Barbarossa był największym piratem Morza Śródziemnego, ale Morze Bałtyckie też miało swoich największych piratów, tylko 100 lat wcześniej – Braci Witalijskich. Brzmi może mało strasznie, ale zawdzięczamy im jedną rzecz.

Kariera Braci przebiegała zgoła odwrotnie niż Barbarossy, czyli zaczynali od kaprów, a potem się rozbuchali i skończyli jako piraci. I to nędznie. Ale po cóż mieli być kaprami i zdobywać listy rządzących, jak mogli nadużywać prawa brzegowego? Prawo pozwalało zabrać towar statku wyrzuconego na mieliznę czy brzeg w przypadku śmierci załogi. Bracia więc zapalali błędne latarnie (ogniska) i źle naprowadzali statek, po czym mordowali całą załogę. Podobno takim pirackim miastem był Hel.
Początek Braci Witalijskich sięga roku 1389, kiedy szwedzki król Albrecht III wynajął grupę biedaków do przewiezienia żywności do obleganego Sztokholmu. Grupa zaczęła się rozrastać i okazało się (po zawarciu pokoju szwedzko-duńskiego), że nie ma co ze sobą począć. Tak rozpoczęło się ich piractwo, które było zakałą Bałtyku i przede wszystkim Hanzy.
Główną ich bazą było Visby na Gotlandii, ale mieli też miejscówkę w naszych Rowach koło Słupska.

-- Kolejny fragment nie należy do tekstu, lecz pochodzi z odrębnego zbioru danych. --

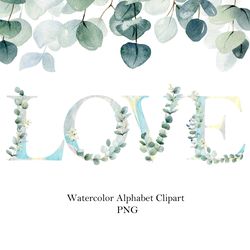 Watercolor floral alphabet, eucalyptus letters.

Średniowieczne Visby wg Carla Gustafa Hellqvista, 1882 r.

Żeby nie było tak okrutnie, to powiem, że część łupów rozdzielali między biednych w nadmorskich osadach i ludność ich kochała. Zapewniali więc sobie przychylność na lądzie. Było ich ok. 1500.
Szczyty pirackich sukcesów przypadają na dowództwo Klausa Störtebekera, który jednym haustem wypijał 4-litrowy kufel piwa. Nie można go było upić.
Kres przyszedł na Braci wraz Konradem von Jungingenem, który w 1398 r. zorganizował wyprawę na Visby. Flota liczyła 84 okręty i 4000 wojaków, w tym 50 braci zakonnych. Widać więc, że tego piractwa wszyscy już mieli dość. Atak był zaskoczeniem, bo to był marzec i kra jeszcze stała na Bałtyku. Ci, którzy przeżyli, rozpierzchli się, ale wtedy ruszyła Hanza i przeczesywała wszystkie zatoki, rozprawiając się także z tymi, którzy im pomagali.
Ostatnia bitwa miała miejsce w 1401 r. – między Braćmi Witalijskimi a „Łaciatą Krową” – zamaskowanym okrętem wojennym Hanzy. Ujęto wtedy Klausa Störtebekera (to jest właśnie grafika, którą zamieszczam, pochodzi z 1877 r., Klaus jest w żółto-szarych rajtuzach) i w konsekwencji ścięto. Niedobitki działały jeszcze później, aż do 1488 r. gdzieś na Morzu Północnym., ale to już nie było to.

 

Co zatem im zawdzięczamy? Niewątpliwie gdyby nie oni, byłaby inna przyczyna, ale z ich powodu krzyżacy zbudowali drewniany blokhauz w miejscu, które stało się później Twierdzą Wisłoujście – w celach obronnych. Nie była to wielka rzecz jako dzieło fortyfikacyjne, ale dało początek kolejnym umocnieniom, najpierw drewnianym, a z czasem murowanym.

Anna Pisarska-Umańska

Dodaj opinię lub komentarz.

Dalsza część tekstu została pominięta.